GOI Revises 2006 Budget Assumptions
-----------------------------------
4. On June 22, Parliament's Special Budget Committee and
Minister of Finance Sri Mulyani Indrawati agreed on a
revised set of macroeconomic budget assumptions for 2006.
The budget assumptions influence the projected levels of
various revenue and expenditure items in the budget.
Parliament and the GOI have also agreed on a set of budget
assumptions for the draft 2007 budget that President
Yudhoyono will present to Parliament in August 2006. Table
2 outlines revised FY 2006 and preliminary FY 2007 budget
assumptions.
--------------------------------------------- ------
Table 2: 2006 Revised and 2007 Preliminary
Budget Assumptions
--------------------------------------------- ------
2006 2006 2007
Original Revised Preliminary
--------------------------------------------- ------
Budget deficit (1) 0.7 1.3-1.5 0.7-0.9
Oil Price (USD/Barrel) 57 62 57-65
BI Interest Rate (pct) 9.5 12 8.5-9.5
Exchange Rate (Rp/USD) 9,900 9,300 9,000-9,500
Inflation (pct) 8.0 8.0 6.0-8.0
GDP Growth (pct) 6.2 5.9 6.0-6.5
(1) Percent of GDP.
Source: Ministry of Finance
GOI Repays Half of IMF Standby Reserves Loan
--------------------------------------------
5. On June 22, the GOI informed the International Monetary
Fund (IMF) of its decision to advance repayment of
approximately half of its standby reserves loan under
Indonesia's Extended Fund Facility, or USD 3.7 billion.
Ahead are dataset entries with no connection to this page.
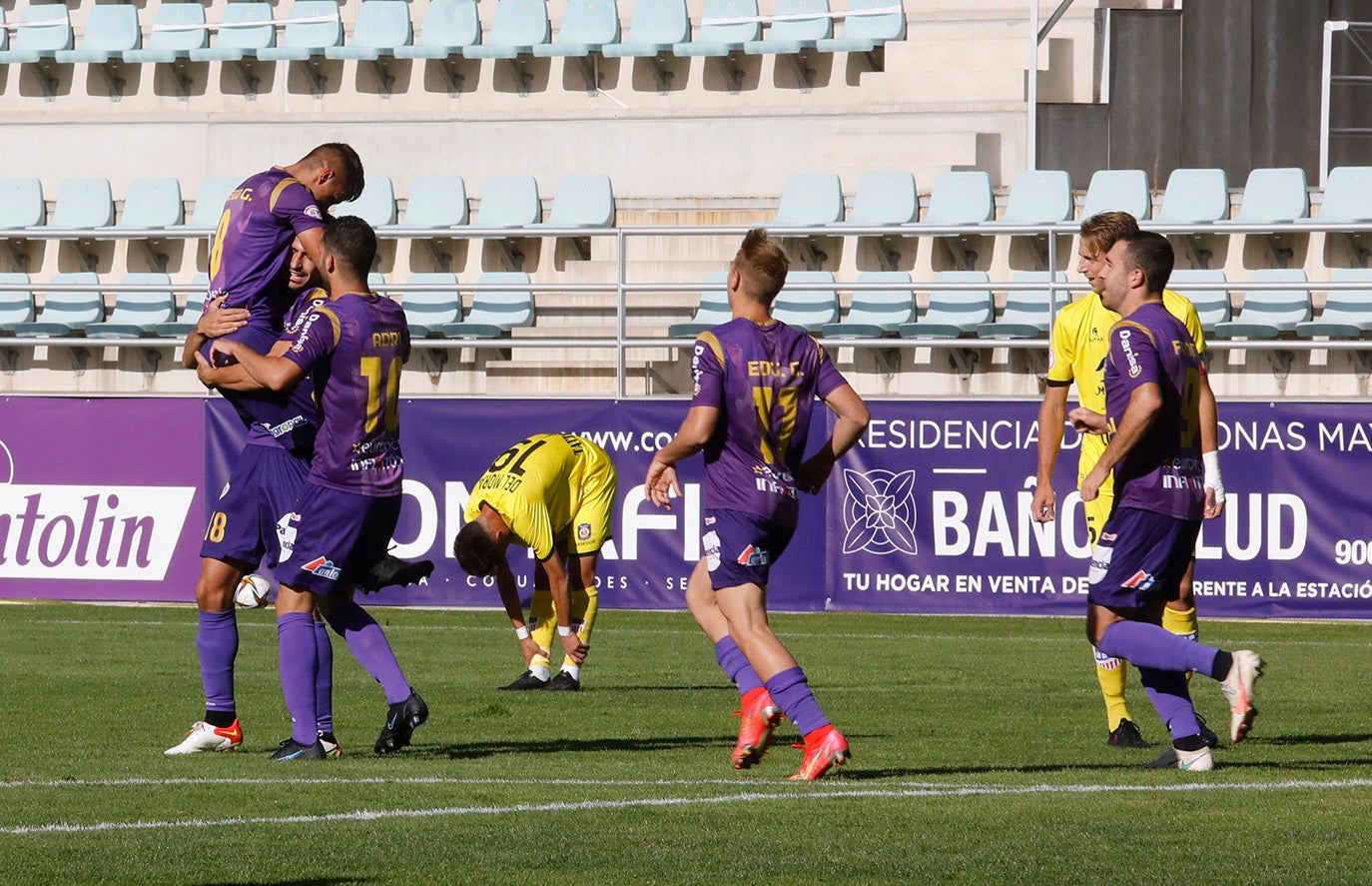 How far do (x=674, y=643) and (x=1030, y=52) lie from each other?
9.67 meters

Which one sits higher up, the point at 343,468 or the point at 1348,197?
the point at 1348,197

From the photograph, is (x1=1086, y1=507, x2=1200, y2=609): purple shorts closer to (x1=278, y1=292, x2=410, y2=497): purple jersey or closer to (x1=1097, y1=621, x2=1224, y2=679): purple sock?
(x1=1097, y1=621, x2=1224, y2=679): purple sock

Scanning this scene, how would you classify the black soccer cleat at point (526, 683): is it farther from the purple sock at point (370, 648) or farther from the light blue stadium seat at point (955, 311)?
the light blue stadium seat at point (955, 311)

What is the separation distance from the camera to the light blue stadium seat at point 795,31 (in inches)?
899

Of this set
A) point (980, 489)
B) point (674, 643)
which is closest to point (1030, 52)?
point (980, 489)

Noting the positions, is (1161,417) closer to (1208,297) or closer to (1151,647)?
(1151,647)

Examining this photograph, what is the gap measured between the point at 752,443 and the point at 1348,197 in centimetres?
1337

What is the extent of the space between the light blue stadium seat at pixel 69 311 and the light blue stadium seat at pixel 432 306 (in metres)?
3.26

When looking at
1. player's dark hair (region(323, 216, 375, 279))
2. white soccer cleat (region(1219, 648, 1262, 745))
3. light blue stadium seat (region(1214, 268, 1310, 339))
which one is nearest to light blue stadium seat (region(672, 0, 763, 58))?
light blue stadium seat (region(1214, 268, 1310, 339))

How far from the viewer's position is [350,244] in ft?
24.8

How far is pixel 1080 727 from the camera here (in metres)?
9.13

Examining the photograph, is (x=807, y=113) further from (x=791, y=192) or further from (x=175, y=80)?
(x=175, y=80)

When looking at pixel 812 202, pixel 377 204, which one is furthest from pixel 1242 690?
pixel 377 204

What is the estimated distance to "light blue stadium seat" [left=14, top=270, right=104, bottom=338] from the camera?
2106 cm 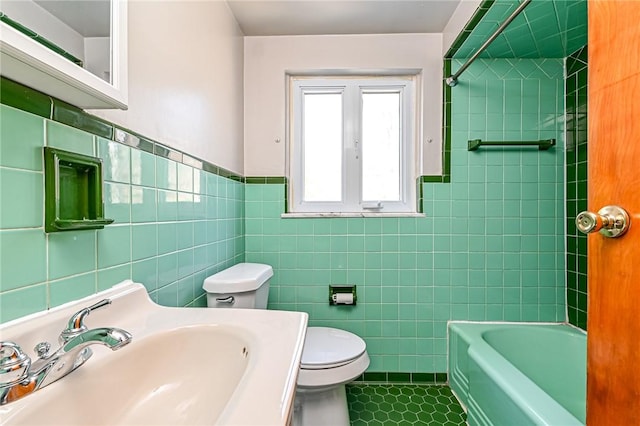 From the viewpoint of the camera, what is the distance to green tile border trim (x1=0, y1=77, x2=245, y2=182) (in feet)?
1.79

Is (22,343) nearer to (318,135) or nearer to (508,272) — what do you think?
(318,135)

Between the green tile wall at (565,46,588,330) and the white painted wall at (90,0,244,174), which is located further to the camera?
the green tile wall at (565,46,588,330)

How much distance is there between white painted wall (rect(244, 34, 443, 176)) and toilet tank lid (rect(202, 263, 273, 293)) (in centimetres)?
75

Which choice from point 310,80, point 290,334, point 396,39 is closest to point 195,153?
point 290,334

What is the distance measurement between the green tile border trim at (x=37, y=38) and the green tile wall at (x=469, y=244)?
1.44 metres

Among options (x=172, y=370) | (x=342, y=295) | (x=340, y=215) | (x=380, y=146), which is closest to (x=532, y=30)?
(x=380, y=146)

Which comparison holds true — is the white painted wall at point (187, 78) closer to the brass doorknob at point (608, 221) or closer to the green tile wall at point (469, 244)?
the green tile wall at point (469, 244)

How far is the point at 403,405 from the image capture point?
164cm

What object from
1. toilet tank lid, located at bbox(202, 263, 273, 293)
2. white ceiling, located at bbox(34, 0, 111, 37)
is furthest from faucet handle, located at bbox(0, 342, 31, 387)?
toilet tank lid, located at bbox(202, 263, 273, 293)

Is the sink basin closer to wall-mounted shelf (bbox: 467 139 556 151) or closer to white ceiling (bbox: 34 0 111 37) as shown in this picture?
white ceiling (bbox: 34 0 111 37)

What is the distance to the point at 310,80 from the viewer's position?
1988mm

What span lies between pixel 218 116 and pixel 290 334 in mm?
1202

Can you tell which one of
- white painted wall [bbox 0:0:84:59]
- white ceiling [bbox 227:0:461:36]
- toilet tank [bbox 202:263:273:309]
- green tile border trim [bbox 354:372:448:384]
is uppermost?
white ceiling [bbox 227:0:461:36]

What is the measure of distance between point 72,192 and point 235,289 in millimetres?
677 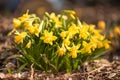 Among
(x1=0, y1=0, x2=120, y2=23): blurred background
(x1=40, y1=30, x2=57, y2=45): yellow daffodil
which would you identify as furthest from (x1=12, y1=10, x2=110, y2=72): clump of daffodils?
(x1=0, y1=0, x2=120, y2=23): blurred background

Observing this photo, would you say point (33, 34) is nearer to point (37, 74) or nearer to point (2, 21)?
point (37, 74)

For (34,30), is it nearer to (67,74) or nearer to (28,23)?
(28,23)

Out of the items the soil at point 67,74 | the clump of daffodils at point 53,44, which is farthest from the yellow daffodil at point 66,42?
the soil at point 67,74

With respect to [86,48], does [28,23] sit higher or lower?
higher

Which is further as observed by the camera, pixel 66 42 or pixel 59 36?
pixel 59 36

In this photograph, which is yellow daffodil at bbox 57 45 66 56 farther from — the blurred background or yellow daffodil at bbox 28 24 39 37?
the blurred background

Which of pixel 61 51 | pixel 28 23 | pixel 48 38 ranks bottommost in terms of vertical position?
Result: pixel 61 51

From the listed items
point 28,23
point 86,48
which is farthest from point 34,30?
point 86,48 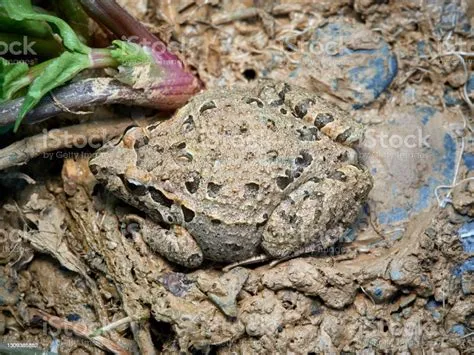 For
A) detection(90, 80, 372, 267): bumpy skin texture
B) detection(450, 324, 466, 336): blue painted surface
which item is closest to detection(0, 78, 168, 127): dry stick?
detection(90, 80, 372, 267): bumpy skin texture

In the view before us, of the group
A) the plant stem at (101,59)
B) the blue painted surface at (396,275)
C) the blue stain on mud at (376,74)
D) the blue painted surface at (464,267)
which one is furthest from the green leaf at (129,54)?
the blue painted surface at (464,267)

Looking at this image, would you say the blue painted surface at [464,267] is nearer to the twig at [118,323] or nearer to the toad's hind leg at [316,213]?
the toad's hind leg at [316,213]

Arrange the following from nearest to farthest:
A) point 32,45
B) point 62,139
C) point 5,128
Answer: point 5,128 < point 32,45 < point 62,139

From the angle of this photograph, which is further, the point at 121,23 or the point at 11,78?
the point at 121,23

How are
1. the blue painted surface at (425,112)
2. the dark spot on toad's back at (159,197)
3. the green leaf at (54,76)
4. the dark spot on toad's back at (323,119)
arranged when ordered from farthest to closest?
1. the blue painted surface at (425,112)
2. the dark spot on toad's back at (323,119)
3. the dark spot on toad's back at (159,197)
4. the green leaf at (54,76)

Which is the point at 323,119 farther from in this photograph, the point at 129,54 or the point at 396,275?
the point at 129,54

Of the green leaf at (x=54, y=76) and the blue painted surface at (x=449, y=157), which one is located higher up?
the green leaf at (x=54, y=76)

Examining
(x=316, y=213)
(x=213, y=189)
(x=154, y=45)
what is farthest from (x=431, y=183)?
(x=154, y=45) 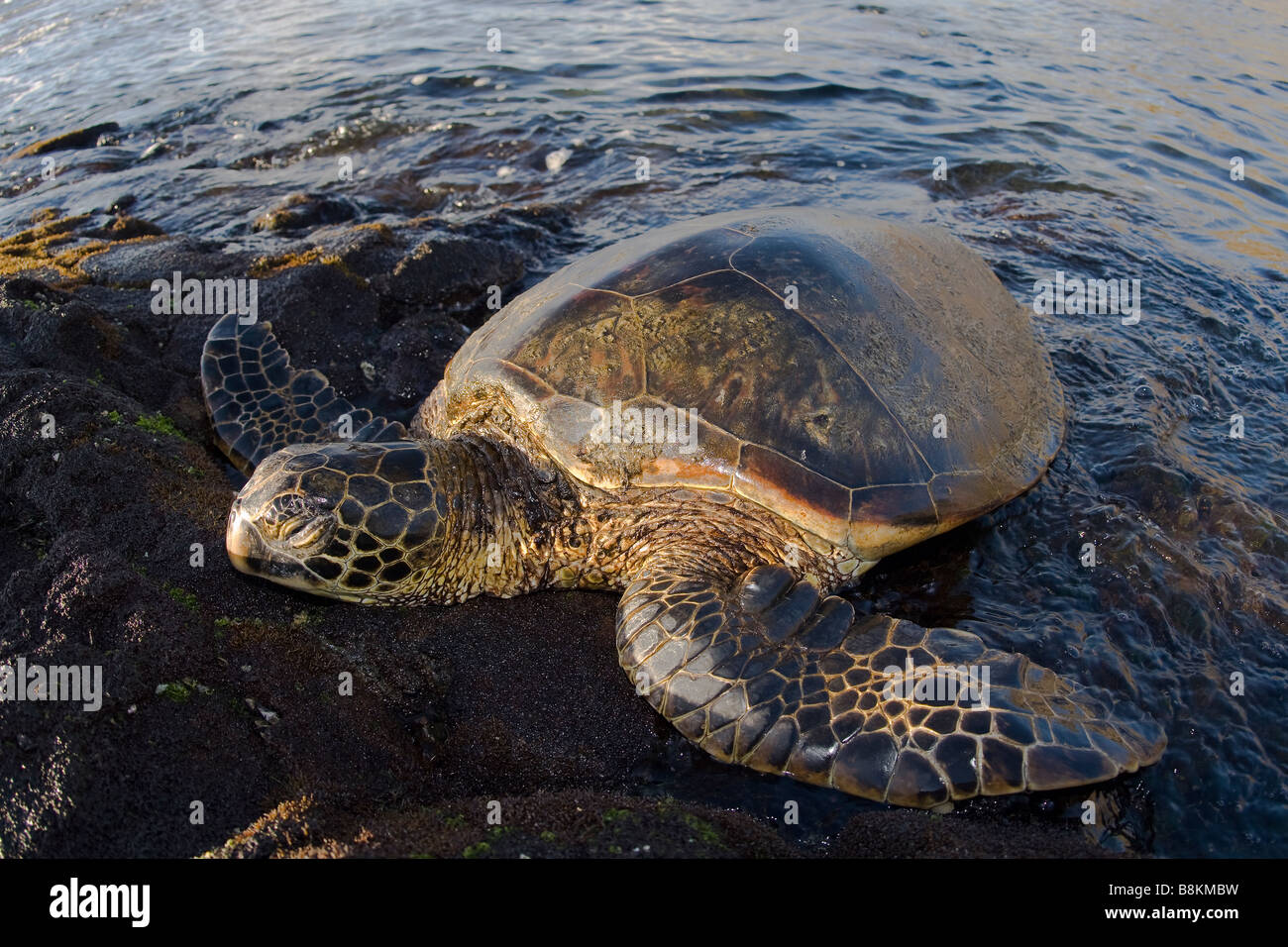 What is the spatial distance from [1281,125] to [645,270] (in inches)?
394

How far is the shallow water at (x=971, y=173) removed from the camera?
3287 mm

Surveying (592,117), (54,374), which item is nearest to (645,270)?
(54,374)

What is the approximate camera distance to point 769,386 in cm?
338

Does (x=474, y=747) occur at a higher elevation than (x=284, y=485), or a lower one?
lower

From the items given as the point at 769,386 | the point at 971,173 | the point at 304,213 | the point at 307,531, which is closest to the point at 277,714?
the point at 307,531

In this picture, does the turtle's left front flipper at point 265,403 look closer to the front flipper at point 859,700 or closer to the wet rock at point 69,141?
the front flipper at point 859,700

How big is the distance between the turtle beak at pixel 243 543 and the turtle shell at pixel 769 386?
1.20 meters

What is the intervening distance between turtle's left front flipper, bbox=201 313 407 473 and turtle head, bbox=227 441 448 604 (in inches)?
40.4

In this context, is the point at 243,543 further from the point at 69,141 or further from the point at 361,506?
the point at 69,141

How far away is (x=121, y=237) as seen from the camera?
6727 mm

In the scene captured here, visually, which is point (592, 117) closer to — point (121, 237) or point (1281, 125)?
point (121, 237)

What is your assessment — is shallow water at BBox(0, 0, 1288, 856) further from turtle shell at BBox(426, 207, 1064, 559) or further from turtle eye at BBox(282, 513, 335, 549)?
turtle eye at BBox(282, 513, 335, 549)

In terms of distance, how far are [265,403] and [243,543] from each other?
1613 mm

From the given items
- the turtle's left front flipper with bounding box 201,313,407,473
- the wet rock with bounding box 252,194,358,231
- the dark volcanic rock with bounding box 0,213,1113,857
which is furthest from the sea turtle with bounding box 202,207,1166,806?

BI
made the USD 3.7 billion transfer to the IMF the following
week, accounting for most of the USD 4.6 billion decline in
Indonesia's gross FX reserves in June. At the end of the
month, reserves stood at USD 40.1 billion, down from USD
44.7 billion at the end of May. On June 15, Japan Bank for
International Cooperation (JBIC) agreed to waive its
condition that a USD 78 million loan from JBIC, due in 2010,
be linked to simultaneous repayment of the IMF.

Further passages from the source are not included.